> [INFORMATION SHOWN]:
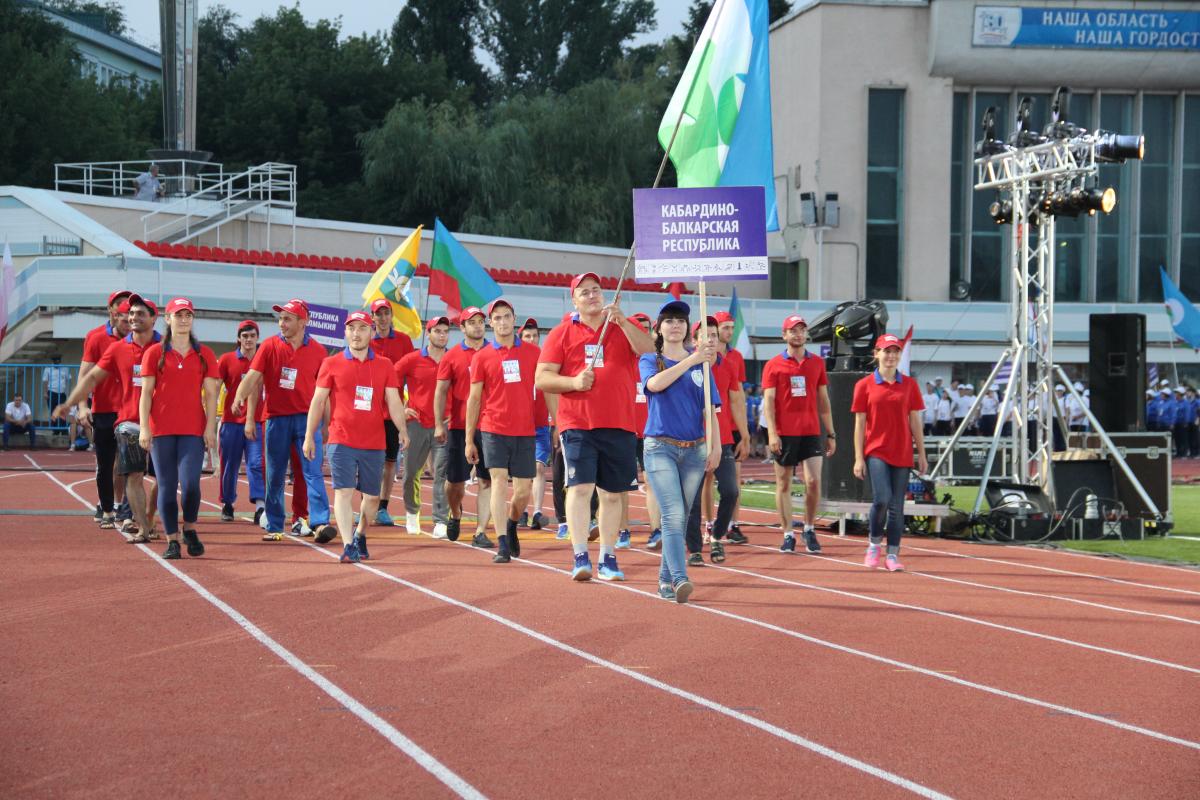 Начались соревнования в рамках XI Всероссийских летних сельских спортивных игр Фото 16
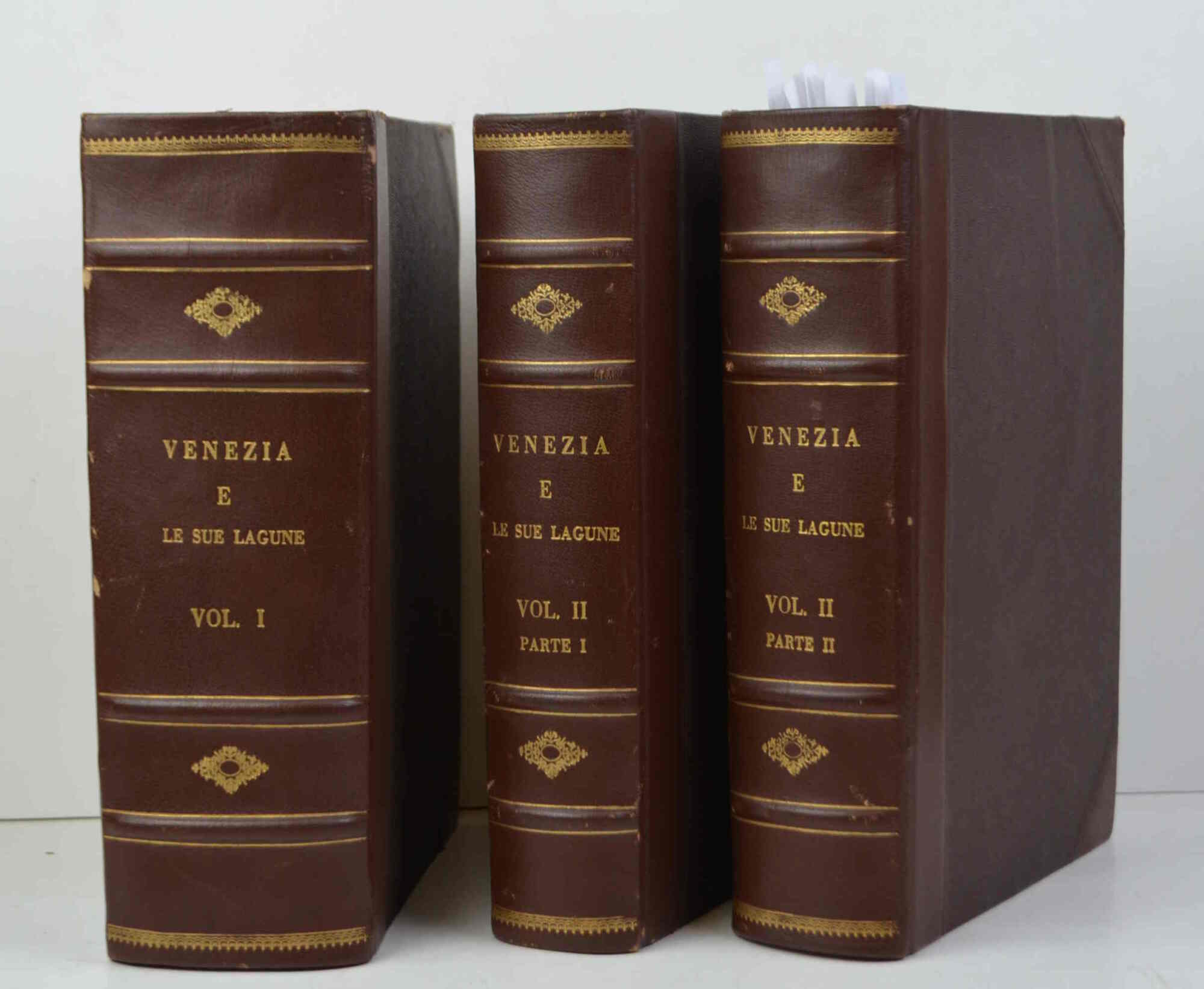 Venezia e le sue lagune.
---
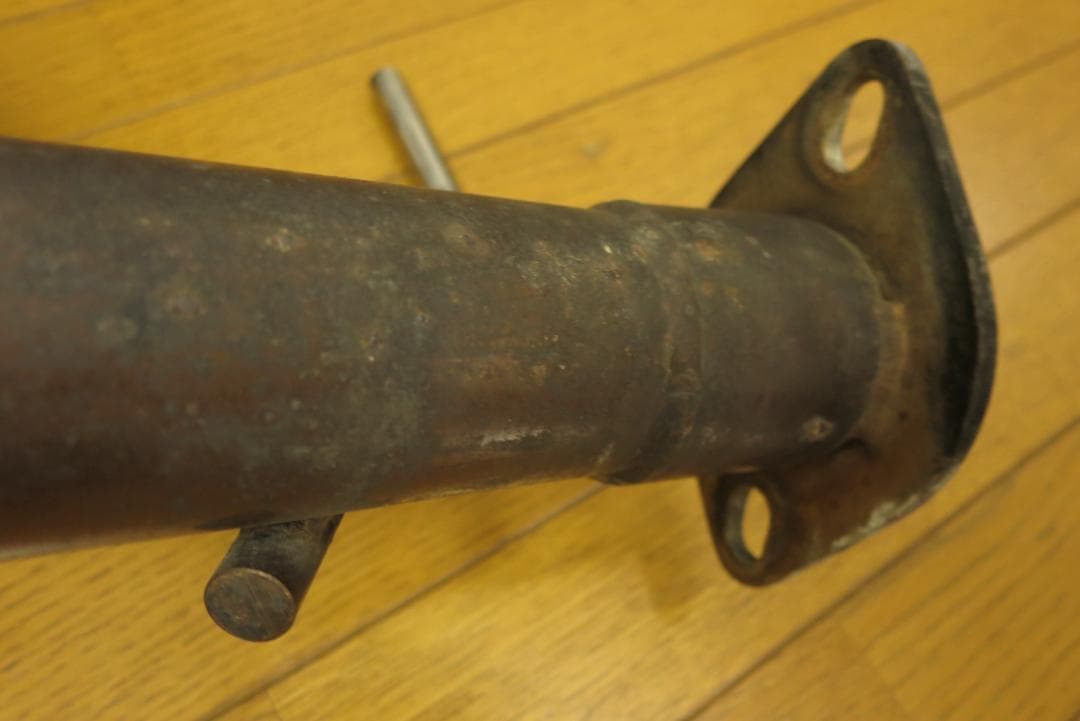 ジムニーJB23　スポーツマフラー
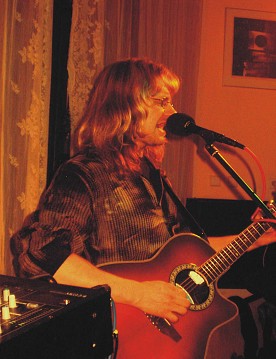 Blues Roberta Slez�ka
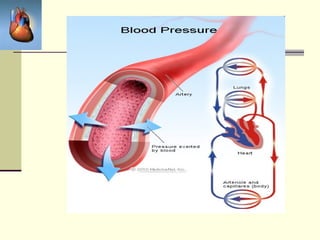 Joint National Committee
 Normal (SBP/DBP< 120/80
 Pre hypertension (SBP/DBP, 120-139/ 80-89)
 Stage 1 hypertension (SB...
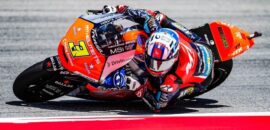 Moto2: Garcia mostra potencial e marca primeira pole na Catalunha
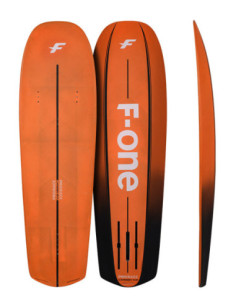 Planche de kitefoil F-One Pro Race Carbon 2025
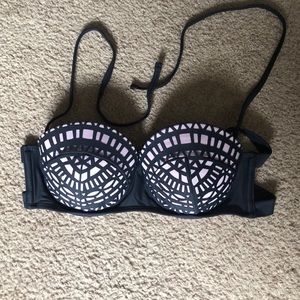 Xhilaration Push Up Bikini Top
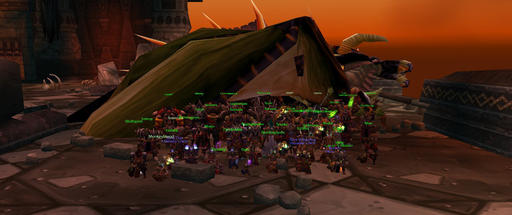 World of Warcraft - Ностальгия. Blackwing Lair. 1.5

> [TASK ITEM]: Search the data for the string "hypertension" and copy out every line where it is found.

> [SOLUTION TO THIS TASK]:
 Pre hypertension (SBP/DBP, 120-139/ 80-89)
 Stage 1 hypertension (SB...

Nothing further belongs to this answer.